Extracted data entries
Start of Block

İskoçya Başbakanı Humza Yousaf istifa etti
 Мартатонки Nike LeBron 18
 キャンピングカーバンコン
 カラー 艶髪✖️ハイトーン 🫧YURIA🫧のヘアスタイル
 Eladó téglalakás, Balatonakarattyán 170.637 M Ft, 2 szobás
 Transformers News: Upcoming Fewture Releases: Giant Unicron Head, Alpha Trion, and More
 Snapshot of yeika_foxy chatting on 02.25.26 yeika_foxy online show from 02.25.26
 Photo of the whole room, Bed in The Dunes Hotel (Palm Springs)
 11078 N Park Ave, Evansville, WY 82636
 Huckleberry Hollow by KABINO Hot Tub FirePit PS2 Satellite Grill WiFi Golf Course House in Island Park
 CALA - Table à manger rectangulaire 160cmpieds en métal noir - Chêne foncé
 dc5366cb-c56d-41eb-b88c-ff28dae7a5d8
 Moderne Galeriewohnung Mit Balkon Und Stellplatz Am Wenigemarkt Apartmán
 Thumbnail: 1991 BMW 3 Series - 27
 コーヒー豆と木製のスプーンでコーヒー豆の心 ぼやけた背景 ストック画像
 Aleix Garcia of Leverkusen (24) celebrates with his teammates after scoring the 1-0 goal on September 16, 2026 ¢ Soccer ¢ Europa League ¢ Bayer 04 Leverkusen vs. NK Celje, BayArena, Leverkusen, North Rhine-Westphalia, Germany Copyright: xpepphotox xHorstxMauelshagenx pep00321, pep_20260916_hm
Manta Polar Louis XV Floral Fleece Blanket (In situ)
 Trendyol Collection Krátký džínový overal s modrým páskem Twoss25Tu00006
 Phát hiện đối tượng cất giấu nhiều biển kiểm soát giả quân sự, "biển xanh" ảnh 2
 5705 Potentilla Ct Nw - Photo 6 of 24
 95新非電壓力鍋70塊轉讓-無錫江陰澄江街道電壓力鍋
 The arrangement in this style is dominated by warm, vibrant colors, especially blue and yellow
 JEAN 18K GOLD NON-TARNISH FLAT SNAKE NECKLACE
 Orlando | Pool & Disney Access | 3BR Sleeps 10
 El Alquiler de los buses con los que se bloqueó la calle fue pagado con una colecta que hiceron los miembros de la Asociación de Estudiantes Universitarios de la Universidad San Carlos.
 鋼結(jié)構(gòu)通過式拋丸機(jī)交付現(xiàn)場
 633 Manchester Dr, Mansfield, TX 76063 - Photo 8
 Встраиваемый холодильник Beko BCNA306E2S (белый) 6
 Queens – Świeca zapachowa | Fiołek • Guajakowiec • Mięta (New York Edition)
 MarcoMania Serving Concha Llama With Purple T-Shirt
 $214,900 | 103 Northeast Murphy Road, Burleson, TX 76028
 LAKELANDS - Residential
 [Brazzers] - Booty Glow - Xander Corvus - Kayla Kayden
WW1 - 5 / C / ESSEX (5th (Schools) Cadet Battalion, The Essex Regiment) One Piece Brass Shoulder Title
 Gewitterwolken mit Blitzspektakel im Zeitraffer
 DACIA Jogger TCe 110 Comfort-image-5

End of Block

The entries above are to be retyped exactly, with nothing left out.

İskoçya Başbakanı Humza Yousaf istifa etti
 Мартатонки Nike LeBron 18
 キャンピングカーバンコン
 カラー 艶髪✖️ハイトーン 🫧YURIA🫧のヘアスタイル
 Eladó téglalakás, Balatonakarattyán 170.637 M Ft, 2 szobás
 Transformers News: Upcoming Fewture Releases: Giant Unicron Head, Alpha Trion, and More
 Snapshot of yeika_foxy chatting on 02.25.26 yeika_foxy online show from 02.25.26
 Photo of the whole room, Bed in The Dunes Hotel (Palm Springs)
 11078 N Park Ave, Evansville, WY 82636
 Huckleberry Hollow by KABINO Hot Tub FirePit PS2 Satellite Grill WiFi Golf Course House in Island Park
 CALA - Table à manger rectangulaire 160cmpieds en métal noir - Chêne foncé
 dc5366cb-c56d-41eb-b88c-ff28dae7a5d8
 Moderne Galeriewohnung Mit Balkon Und Stellplatz Am Wenigemarkt Apartmán
 Thumbnail: 1991 BMW 3 Series - 27
 コーヒー豆と木製のスプーンでコーヒー豆の心 ぼやけた背景 ストック画像
 Aleix Garcia of Leverkusen (24) celebrates with his teammates after scoring the 1-0 goal on September 16, 2026 ¢ Soccer ¢ Europa League ¢ Bayer 04 Leverkusen vs. NK Celje, BayArena, Leverkusen, North Rhine-Westphalia, Germany Copyright: xpepphotox xHorstxMauelshagenx pep00321, pep_20260916_hm
Manta Polar Louis XV Floral Fleece Blanket (In situ)
 Trendyol Collection Krátký džínový overal s modrým páskem Twoss25Tu00006
 Phát hiện đối tượng cất giấu nhiều biển kiểm soát giả quân sự, "biển xanh" ảnh 2
 5705 Potentilla Ct Nw - Photo 6 of 24
 95新非電壓力鍋70塊轉讓-無錫江陰澄江街道電壓力鍋
 The arrangement in this style is dominated by warm, vibrant colors, especially blue and yellow
 JEAN 18K GOLD NON-TARNISH FLAT SNAKE NECKLACE
 Orlando | Pool & Disney Access | 3BR Sleeps 10
 El Alquiler de los buses con los que se bloqueó la calle fue pagado con una colecta que hiceron los miembros de la Asociación de Estudiantes Universitarios de la Universidad San Carlos.
 鋼結(jié)構(gòu)通過式拋丸機(jī)交付現(xiàn)場
 633 Manchester Dr, Mansfield, TX 76063 - Photo 8
 Встраиваемый холодильник Beko BCNA306E2S (белый) 6
 Queens – Świeca zapachowa | Fiołek • Guajakowiec • Mięta (New York Edition)
 MarcoMania Serving Concha Llama With Purple T-Shirt
 $214,900 | 103 Northeast Murphy Road, Burleson, TX 76028
 LAKELANDS - Residential
 [Brazzers] - Booty Glow - Xander Corvus - Kayla Kayden
WW1 - 5 / C / ESSEX (5th (Schools) Cadet Battalion, The Essex Regiment) One Piece Brass Shoulder Title
 Gewitterwolken mit Blitzspektakel im Zeitraffer
 DACIA Jogger TCe 110 Comfort-image-5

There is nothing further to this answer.